What you will do >> Give back the full listing, character for character, with no pictures.

[[ Provided material, beginning ]]

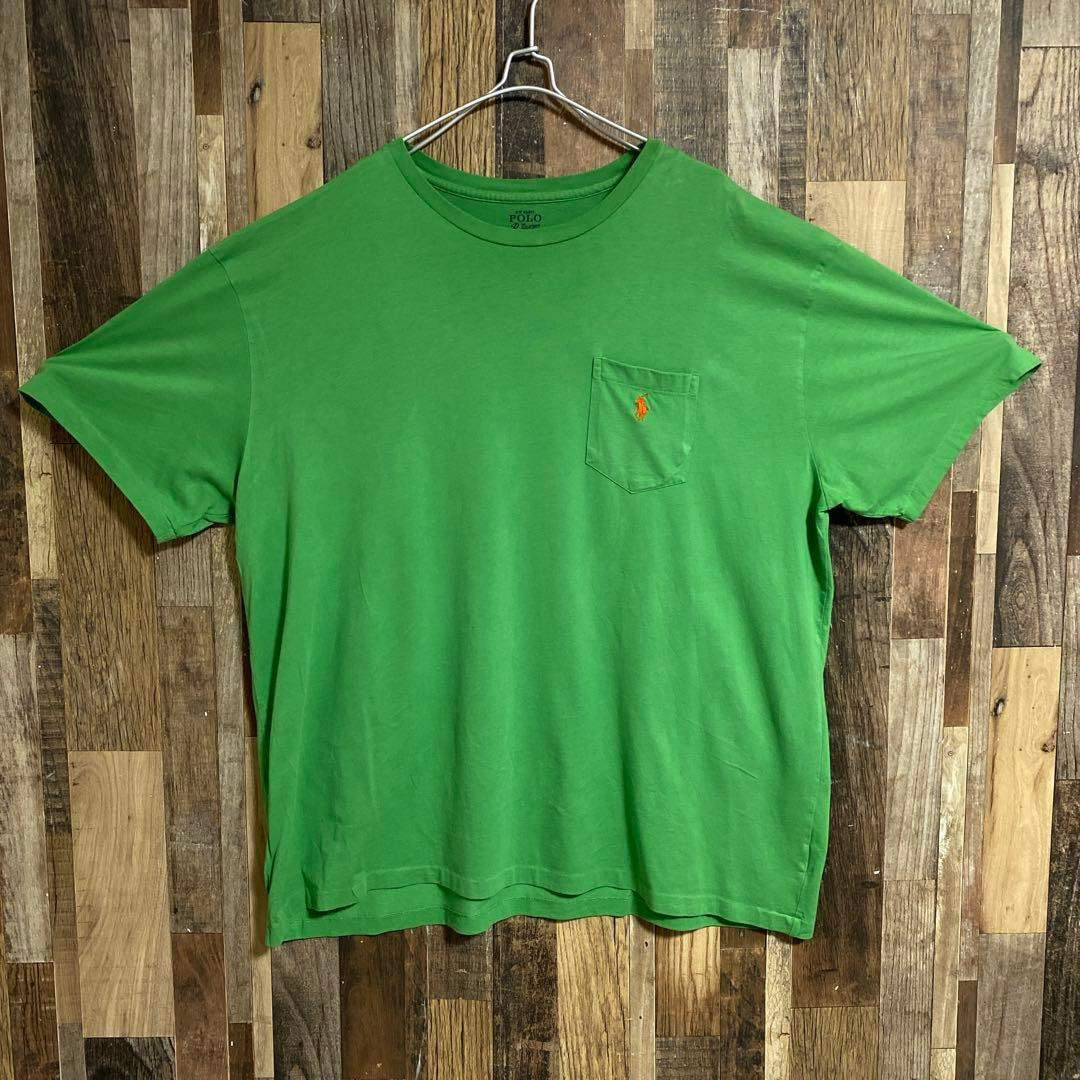 POLO RALPH LAUREN(ポロラルフローレン)のポロラルフローレン ロゴ 刺繍 グリーン ビックシルエット 古着 半袖 Tシャツ メンズのトップス(Tシャツ/カットソー(半袖/袖なし))の商品写真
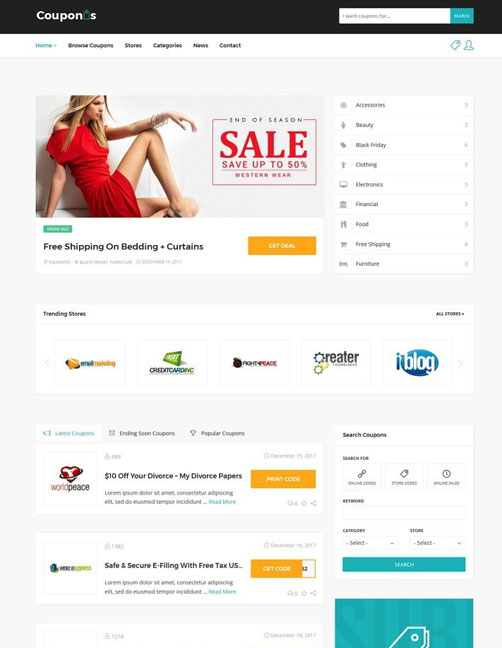 Couponis – Affiliate & Submitting Coupons WordPress Theme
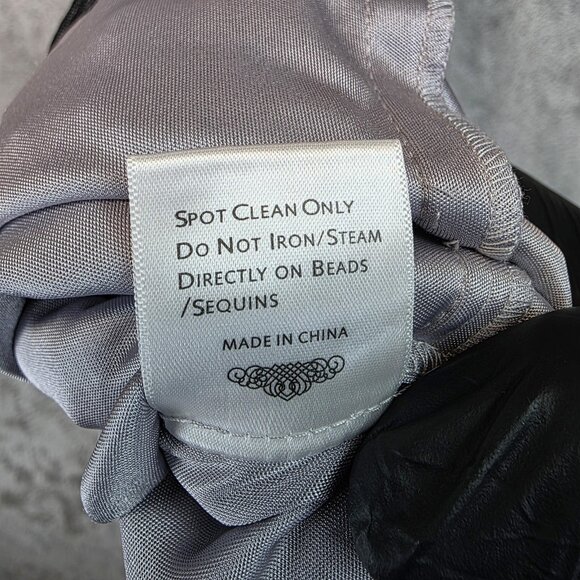 Sue Wong Nocturne Dress Womens 8 Gray Black Beaded Embroidered Floral Cocktail - Picture 5 of 9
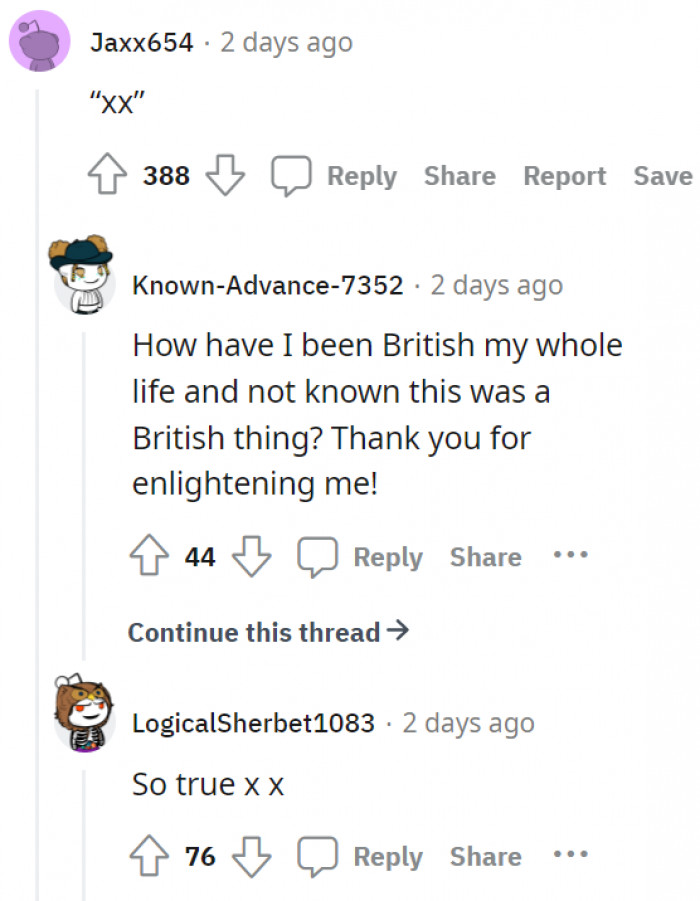 8. The classic British text kisses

[[ Provided material, end ]]

Answer to the exercise >>
 POLO RALPH LAUREN(ポロラルフローレン)のポロラルフローレン ロゴ 刺繍 グリーン ビックシルエット 古着 半袖 Tシャツ メンズのトップス(Tシャツ/カットソー(半袖/袖なし))の商品写真
 Couponis – Affiliate & Submitting Coupons WordPress Theme
 Sue Wong Nocturne Dress Womens 8 Gray Black Beaded Embroidered Floral Cocktail - Picture 5 of 9
 8. The classic British text kisses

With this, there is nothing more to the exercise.